Water Supply Minister Mark McArdle today released new operational strategies for the Wivenhoe, Somerset and North Pine dams to minimise possible flooding ahead of the summer wet season.
“There is no question the region will see major flooding in the future and the Newman LNP Government is committed to doing everything it can to improve our resilience to natural disasters,” Mr McArdle said.
“The government’s strong 30 year plan for the water sector – WaterQ – recognises the challenges we face from climate variability and natural disasters, such as floods and drought.”

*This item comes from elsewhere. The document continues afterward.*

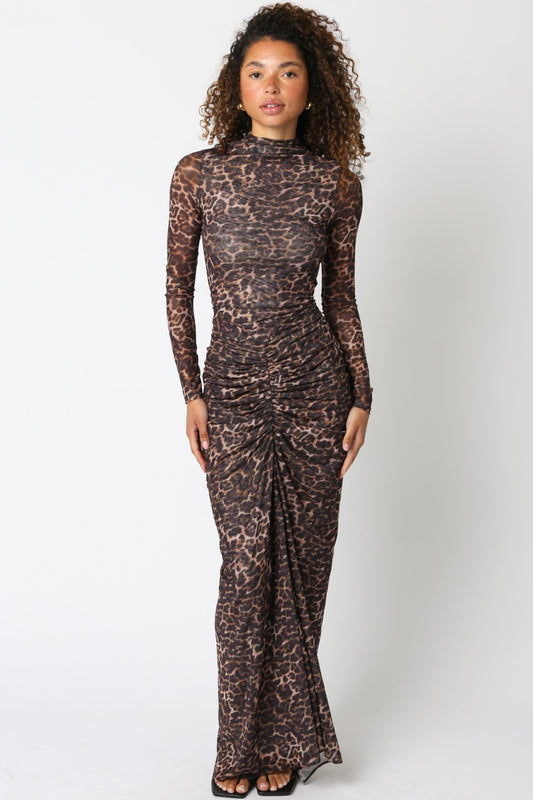 Night Stunner Maxi Dress - Leopard Print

“In simple terms, the strategies allow more storage space in the dams to better cope with flood waters.
“In the case of Wivenhoe Dam, more water will be released earlier to minimise flooding.
“This could mean about 500 to 1,500 fewer buildings in Brisbane and Ipswich would be flooded in a repeat of the 2011 flood.

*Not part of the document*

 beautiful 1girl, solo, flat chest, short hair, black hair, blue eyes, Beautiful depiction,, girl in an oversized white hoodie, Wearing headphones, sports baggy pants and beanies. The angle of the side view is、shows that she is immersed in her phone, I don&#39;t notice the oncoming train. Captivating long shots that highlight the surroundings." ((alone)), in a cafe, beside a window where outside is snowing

“At North Pine Dam the maximum water supply storage will be set at 90 per cent for up to 20 years.
“The Newman LNP Government is committed to making Queensland a safer place to live, work and raise a family and these measures mean communities will be better protected when flooding strikes again.”
The Wivenhoe Somerset Dam Optimisation Study (WSDOS) and the North Pine Dam Optimisation Study (NPDOS) were recommended by the Queensland Floods Commission of Inquiry.
Seqwater chief executive Peter Dennis said the studies followed the most comprehensive analysis of dam operations in flood scenarios ever undertaken in south east Queensland.
Mr McArdle said the new Wivenhoe Dam strategy could result in some bridges, such as Colleges Crossing near Ipswich, being closed more regularly when it floods and warned that it was impossible to prevent all flooding in Brisbane and Ipswich.
“All floods are different and the Wivenhoe and Somerset dams are both upstream of Lockyer Creek and the Bremer River and cannot protect us from floods coming down those watercourses,” Mr McArdle said.
The Department of Energy and Water Supply is finalising a preliminary investigation into potential new dams and the raising of Wivenhoe Dam, with the findings due to be completed before Christmas.